A significant portion of closed pull requests (48 total) demonstrates a proactive approach to maintenance. Many of these closed PRs involve minor fixes or documentation updates (e.g., PRs #196, #195, and #188), which are crucial for ensuring that users have accurate information when using the software. The merging of several bug fixes indicates an ongoing commitment to improving user experience by resolving issues swiftly.
The presence of closed but not merged pull requests (e.g., PRs #165 and #208) suggests that while contributors are eager to enhance features such as VRAM optimization and batch processing capabilities, there may be challenges in integrating these changes into the existing codebase. The feedback from maintainers like zR highlights a collaborative environment where contributors are encouraged to refine their submissions based on project needs.
Moreover, recent updates focusing on GPU memory optimizations (e.g., PR #206) align well with user feedback regarding performance improvements. This responsiveness is critical in maintaining community trust and engagement. The project’s ability to adapt quickly to user needs—such as reducing VRAM requirements—demonstrates a clear understanding of its target audience's constraints.

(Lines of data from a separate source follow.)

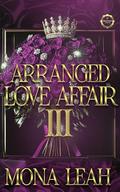 Arranged Love Affair 3 by Mona Leah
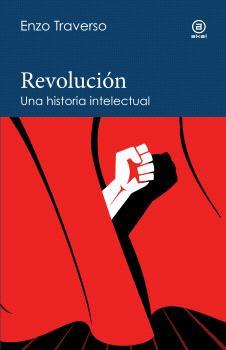 REVOLUCIÓN. UNA HISTORIA INTELECTUAL | 9788446052357 | TRAVERSO, ENZO | Llibreria Aqualata | Comprar libros en catalán y castellano online | Comprar libros Igualada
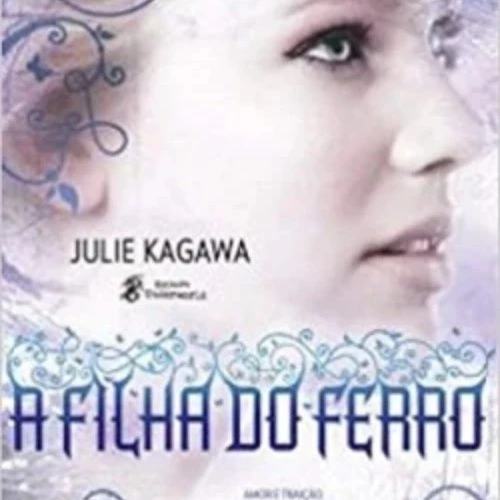 FILHA DO FERRO autor JULIE KAGAWA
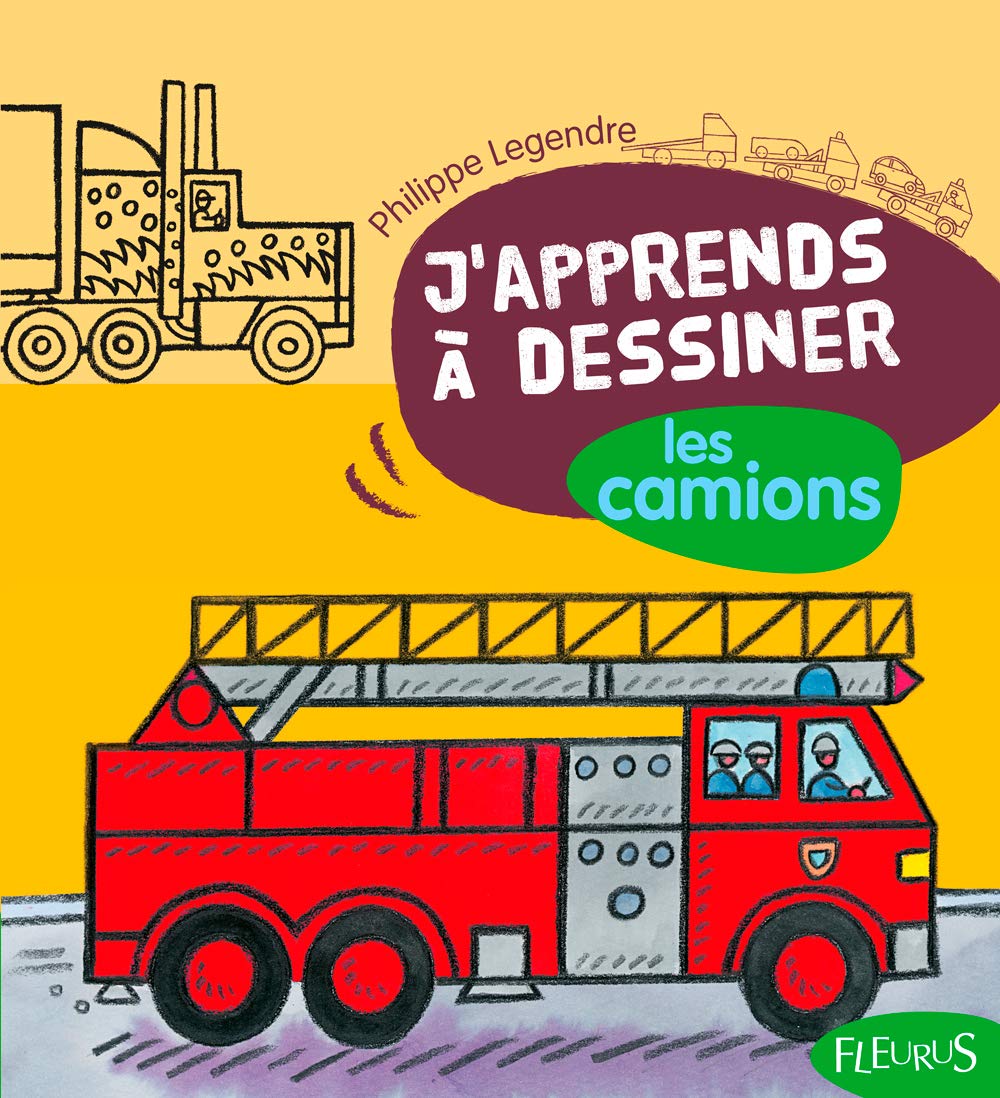 J'apprends à dessiner les camions 9782215091820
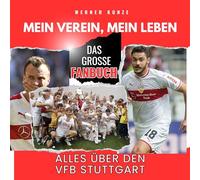 Mein Verein, mein Leben: Alles über den VFB Stuttgart - das große Fanbuch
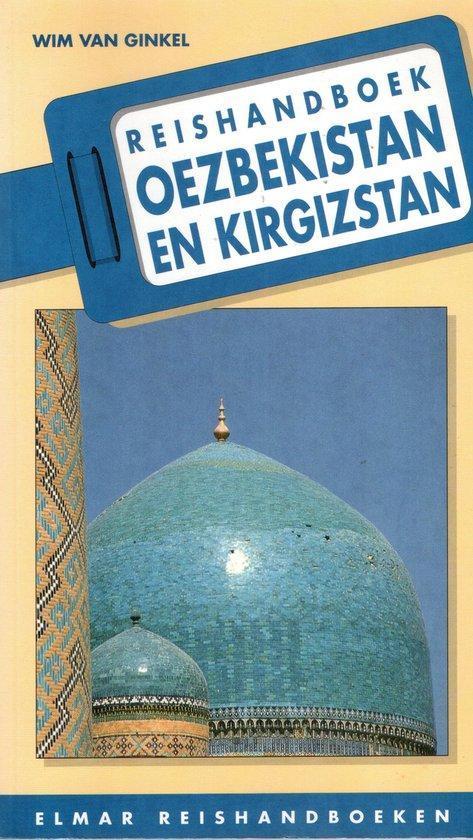 Oezbekistan en Kirgizstan - W. van Ginkel 9789038906812, Livres, Guides touristiques, Envoi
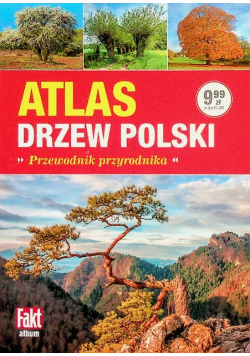 Atlas drzew Polski. Przewodnik przyrodnika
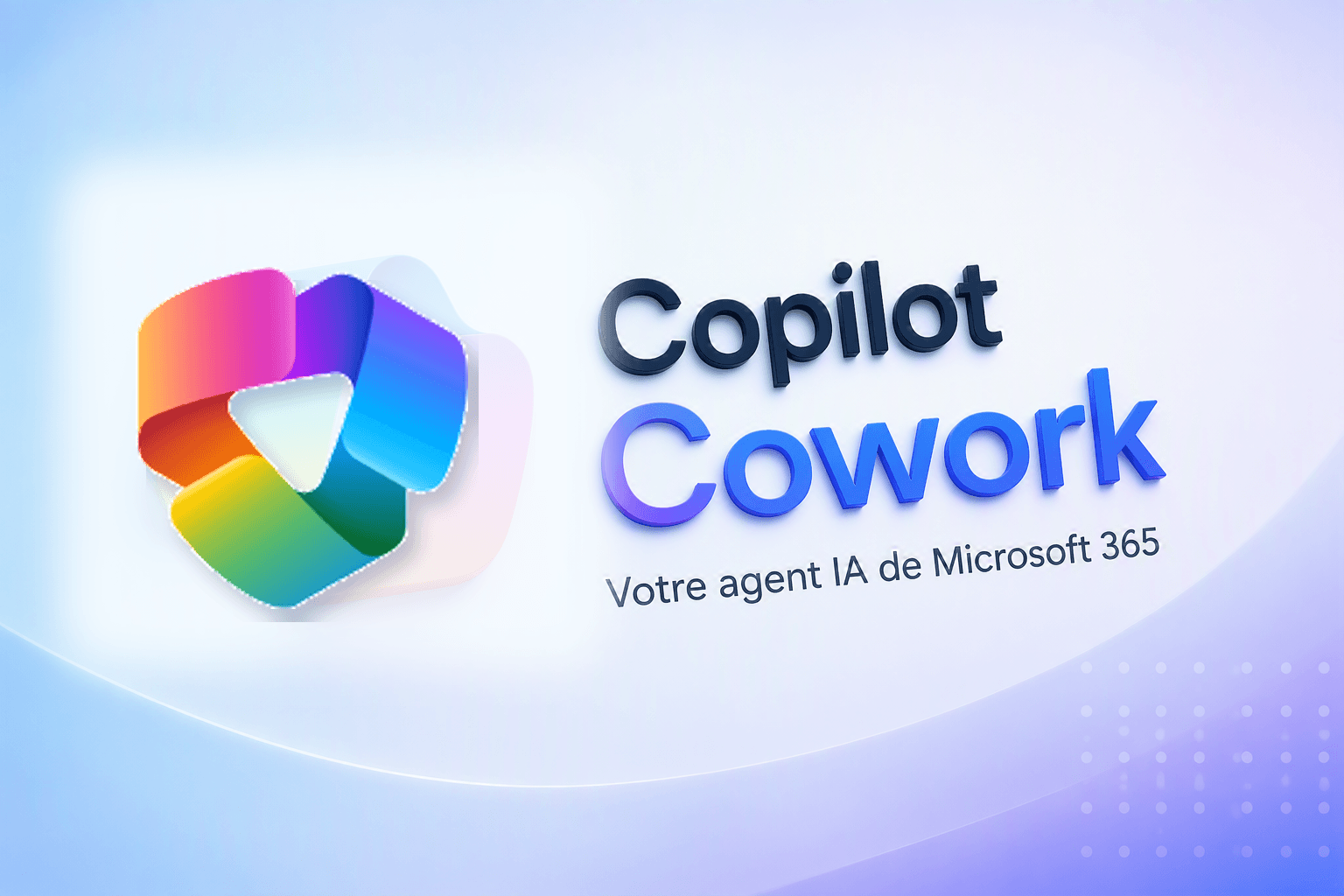 You are currently viewing Copilot Cowork : le nouvel agent IA de Microsoft 365 désormais disponible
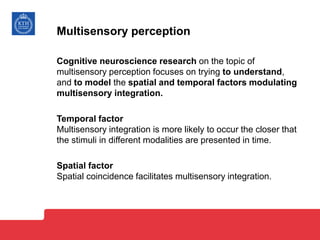 Dt2350 lecture9 multisensory_perception-sensory_substitution_2015 | PPTX
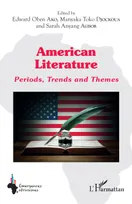 American literature, Periods, Trends and Themes
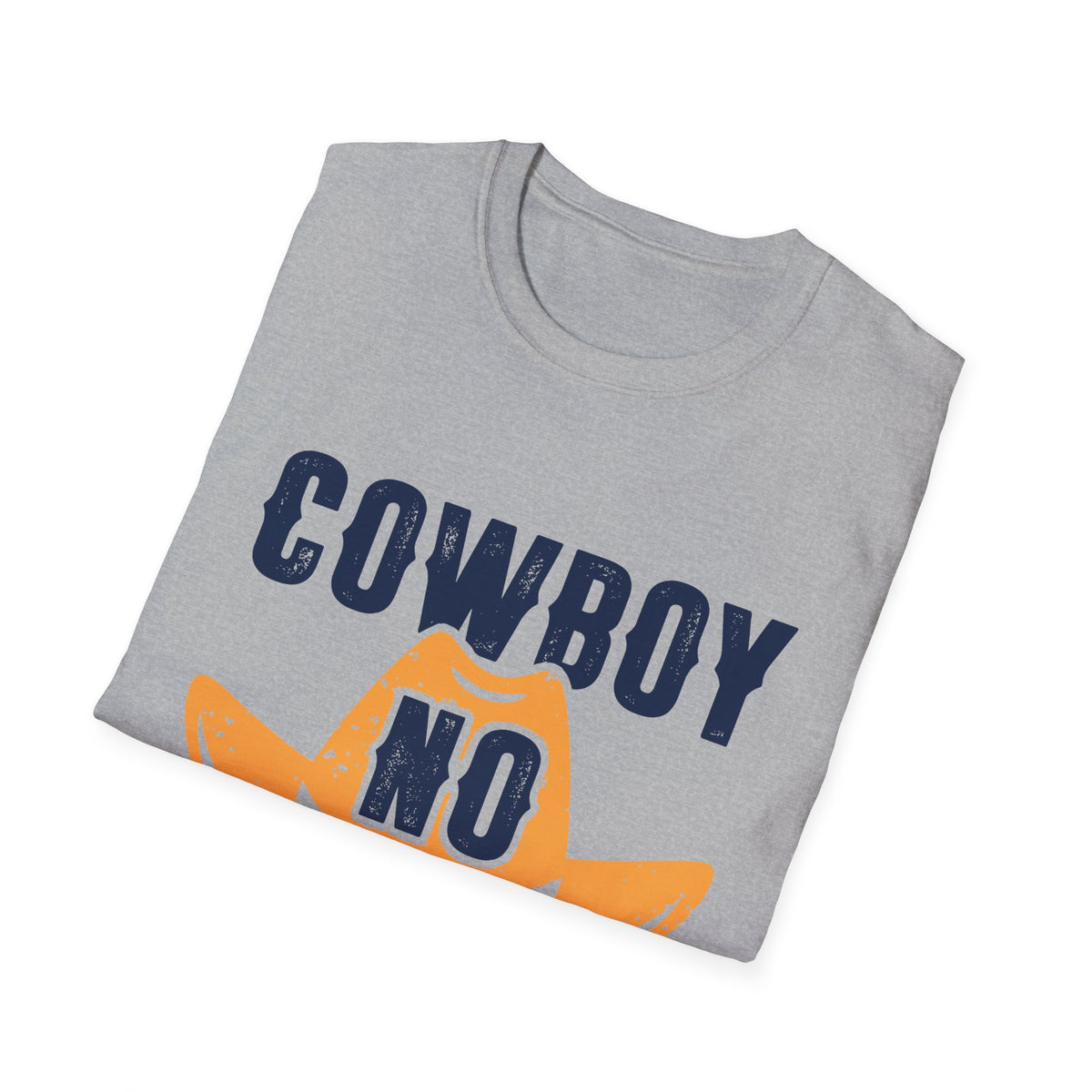 Cowboy No Excuses Men&#39;s Softstyle T-Shirt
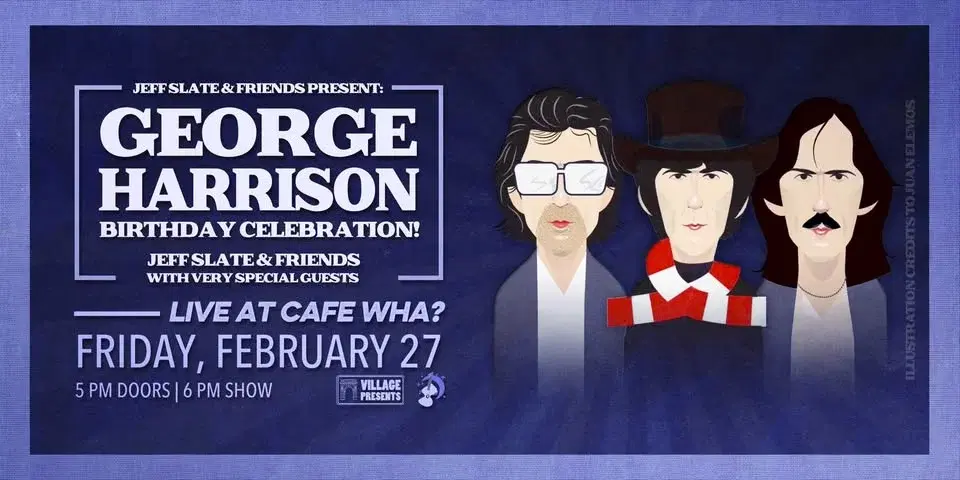 Jeff Slate & Friends: George Harrison Birthday Celebration!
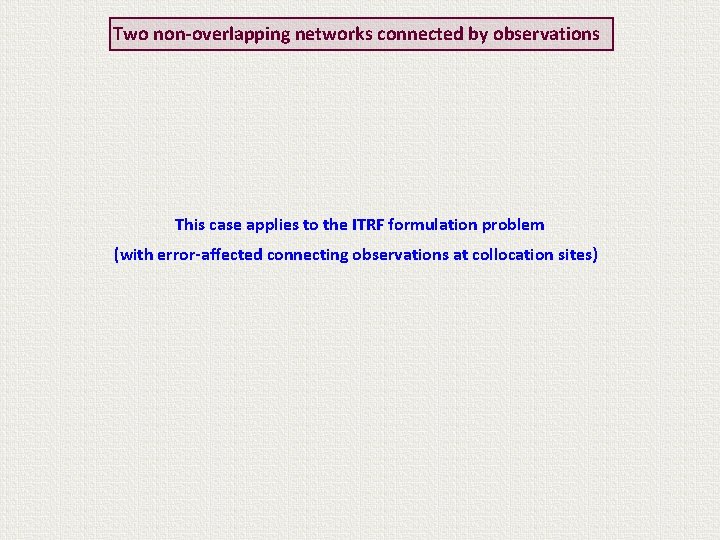 Two non-overlapping networks connected by observations This case applies to the ITRF formulation problem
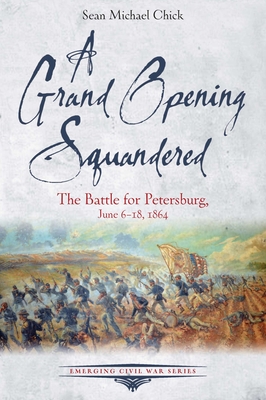 A Grand Opening Squandered: The Battle for Petersburg, June 6-18, 1864 (Emerging Civil War)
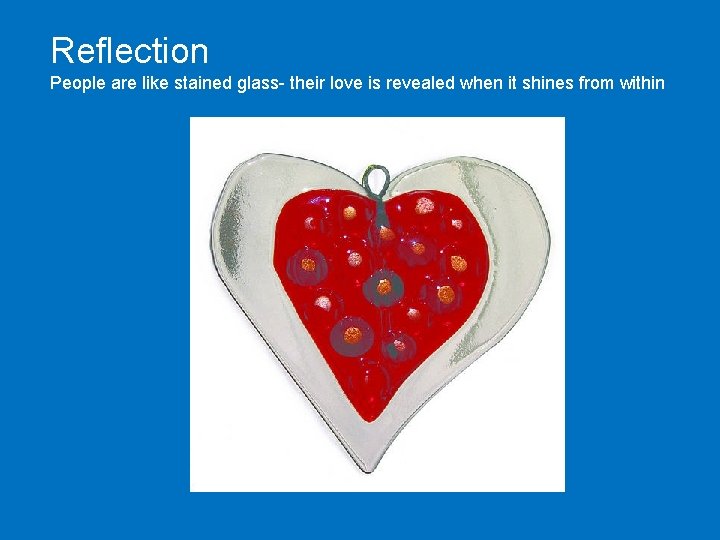 Reflection People are like stained glass- their love is revealed when it shines from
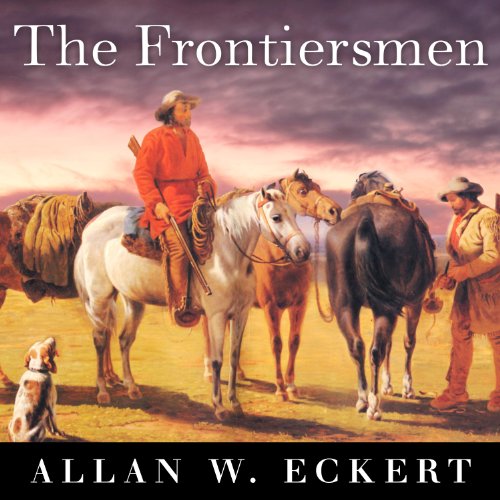 The Frontiersmen: A Narrative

In summary, the analysis reveals a vibrant development environment characterized by active contributions aimed at enhancing both functionality and usability. However, challenges remain regarding feature integration that may require additional collaboration between contributors and maintainers. Continued focus on documentation quality and responsiveness to user feedback will be essential as the project evolves further.
zR (zRzRzRzRzRzRzR)
ArtificialZeng (Dr. Artificial曾小健)
bertjiazheng
tunglinwood
huangshiyu13
HaiyiMei
cli_vae_demo.py
.cly2625
data_video.py
.tengjiayan20
eltociear
yzy-thu
wenyihong
yvrjsharma
learningpro
The development team is actively engaged in enhancing the CogVideo and CogVideoX projects through continuous contributions that include both new features and critical bug fixes. The collaborative environment fosters community involvement while maintaining a focus on improving user accessibility and performance optimization.